A demanding military operation led by an experienced officer

UN Peacekeeping Cyprus
Major General Ingrid Margrethe Gjerde. Photo: UNFICYP

Major General Ingrid Margrethe Gjerde did not hesitate when she was encouraged to apply for the position as Force Commander for the UN peacekeeping mission in Cyprus. The experienced officer is the second Norwegian to hold the demanding position.

 “I have a lot of responsibility, but it is professionally and personally motivating to have the opportunity to lead such a sharp operation. We hope to help make a difference,” says Gjerde.

One of the oldest UN peacekeeping forces

The UN Peacekeeping Force in Cyprus (UNFICYP) was established on 4 March 1964 because of violent unrest between the two ethnic groups in the country – Cypriots of Greek and Turkish origin.

The mission is led by a civilian commander, Canadian Elizabeth Spehar, who is the UN special representative on the island. Spehar has a broad remit to facilitate negotiations on a future solution to the bitter/demanding conflict. The military operation is led by Force Commander Ingrid Gjerde.

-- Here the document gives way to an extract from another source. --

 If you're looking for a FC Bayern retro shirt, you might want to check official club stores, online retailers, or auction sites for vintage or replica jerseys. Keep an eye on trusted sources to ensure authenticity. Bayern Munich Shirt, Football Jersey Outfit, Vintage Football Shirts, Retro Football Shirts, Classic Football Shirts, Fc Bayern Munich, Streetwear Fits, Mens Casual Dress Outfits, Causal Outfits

“The important thing is to help find good long-term political solutions. We do this militarily by ensuring that the parties comply with the rules of the buffer zone and that the military situation is stable. This lays the foundation for a good negotiating climate,” says Gjerde.

A continuous balancing act

UN Peacekeeping Cyprus
Chief of mission Elizabeth Spehar, Jean-Pierre Lacroix, UN Under-Secretary General for Peacekeeping ,Ingrid Gjerde and Argentinian officers. Photo: UNFICYP

As a result of Turkey’s 1974 invasion of Cyprus, a ceasefire divided the island and a functioning buffer zone under UN supervision was established. The demilitarized buffer zone stretches over 180 kilometers across the island, covering an area of about 346 square kilometers.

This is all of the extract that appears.